Genomic analysis suggests that there is a global division in Neanderthal introgression between Sub-Saharan African populations and other modern human groups (including North Africans) rather than between African and non-African populations. North African groups share a similar excess of derived alleles with Neanderthals as do non-African populations, whereas Sub-Saharan African groups are the only modern human populations that generally did not experience Neanderthal admixture. The Neanderthal genetic signal among North African populations was found to vary depending on the relative quantity of autochthonous North African, European, Near Eastern and Sub-Saharan ancestry. Using f4 ancestry ratio statistical analysis, the Neanderthal inferred admixture was observed to be: highest among the North African populations with maximal autochthonous North African ancestry such as Tunisian Berbers, where it was at the same level or even higher than that of Eurasian populations (100–138%); high among North African populations carrying greater European or Near Eastern admixture, such as groups in North Morocco and Egypt (∼60–70%); and lowest among North African populations with greater Sub-Saharan admixture, such as in South Morocco (20%). Quinto et al. (2012) therefore postulate that the presence of this Neanderthal genetic signal in Africa is not due to recent gene flow from Near Eastern or European populations since it is higher among populations bearing indigenous pre-Neolithic North African ancestry. The Neanderthal-linked haplotype B006 of the dystrophin gene has also been found among nomad pastoralist groups in the Sahel and Horn of Africa, who are associated with northern populations. Consequently, the presence of this B006 haplotype on the northern and northeastern perimeter of Sub-Saharan Africa is attributed to gene flow from a non-African point of origin. Low but significant rates of Neanderthal admixture has also been observed for the Maasai of East Africa. After identifying African and non-African ancestry among the Maasai, it can be concluded that recent non-African modern human (post-Neanderthal) gene flow was the source of the contribution since around an estimated 30% of the Maasai genome can be traced to non-African introgression from about 100 generations ago.
No evidence of Neanderthal mitochondrial DNA has been found in modern humans. This would suggest that successful admixture with Neanderthals happened paternally rather than maternally on the side of Neanderthals. Possible hypotheses are that Neanderthal mitochondrial DNA had detrimental mutations that led to the extinction of carriers, that the hybrid offspring of Neanderthal mothers were raised in Neanderthal groups and became extinct with them, or that female Neanderthals and male Sapiens did not produce fertile offspring.
As shown in an interbreeding model produced by Neves and Serva (2012), the Neanderthal admixture in modern humans may have been caused by a very low rate of interbreeding between modern humans and Neanderthals, with the exchange of one pair of individuals between the two populations in about every 77 generations. This low rate of interbreeding would account for the absence of Neanderthal mitochondrial DNA from the modern human gene pool as found in earlier studies, as the model estimates a probability of only 7% for a Neanderthal origin of both mitochondrial DNA and Y chromosome in modern humans.

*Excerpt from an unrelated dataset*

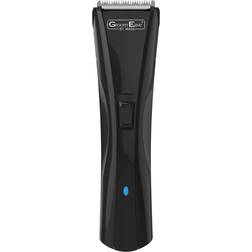 Wahl 9685-517 GroomEase Rechargeable Stubble & Beard Trimmer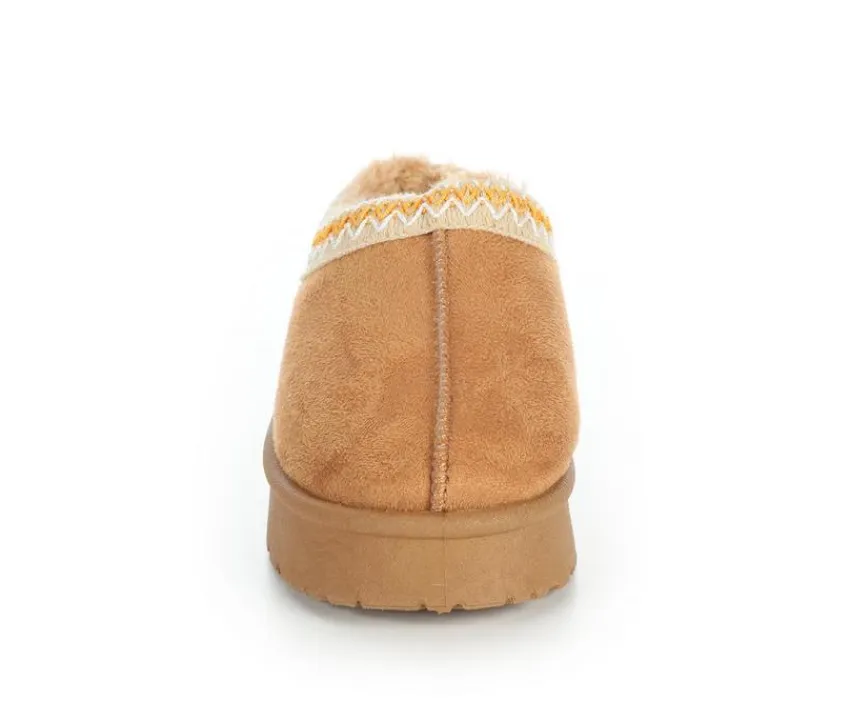 Girls' Little Kid & Big Kid Taz Slip-On Shoes|Avalanche New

Cabrera et al. (2017) suggest that the Neanderthal genes observed in certain modern populations in Africa may have been brought from Eurasia around 70 kya by males bearing the paternal haplogroup E and females carrying the maternal haplogroup L3.
It has been found that there's a presence of large genomic regions with strongly reduced Neanderthal contribution in modern humans due to negative selection, partly caused by hybrid male infertility. These large regions of low Neanderthal contribution were most-pronounced on the X chromosome—with fivefold lower Neanderthal ancestry compared to autosomes—and contained relatively high numbers of genes specific to testes. This means that modern humans have relatively few Neanderthal genes that are located on the X chromosome or expressed in the testes, consistent with the fact that male infertility is affected by a disproportionately large amount of genes on X chromosomes. It has also been shown that Neanderthal ancestry has been selected against in conserved biological pathways, such as RNA processing.
Consistent with the hypothesis that purifying selection has reduced Neanderthal contribution in present-day modern human genomes, Upper Paleolithic Eurasian modern humans (such as the Tianyuan modern human) carry more Neanderthal DNA (about 4–5%) than present-day Eurasians modern humans (about 1–2%).
Changes in modern humans
Genes affecting keratin were found to have been introgressed from Neanderthals into modern humans (shown in East Asians and Europeans), suggesting that these genes gave a morphological adaptation in skin and hair to modern humans to cope with non-African environments. This is likewise for several genes involved in medical-relevant phenotypes, such as those affecting systemic lupus erythematosus, primary biliary cirrhosis, Crohn's disease, optic disk size, smoking behavior, interleukin 18 levels, and diabetes mellitus type 2.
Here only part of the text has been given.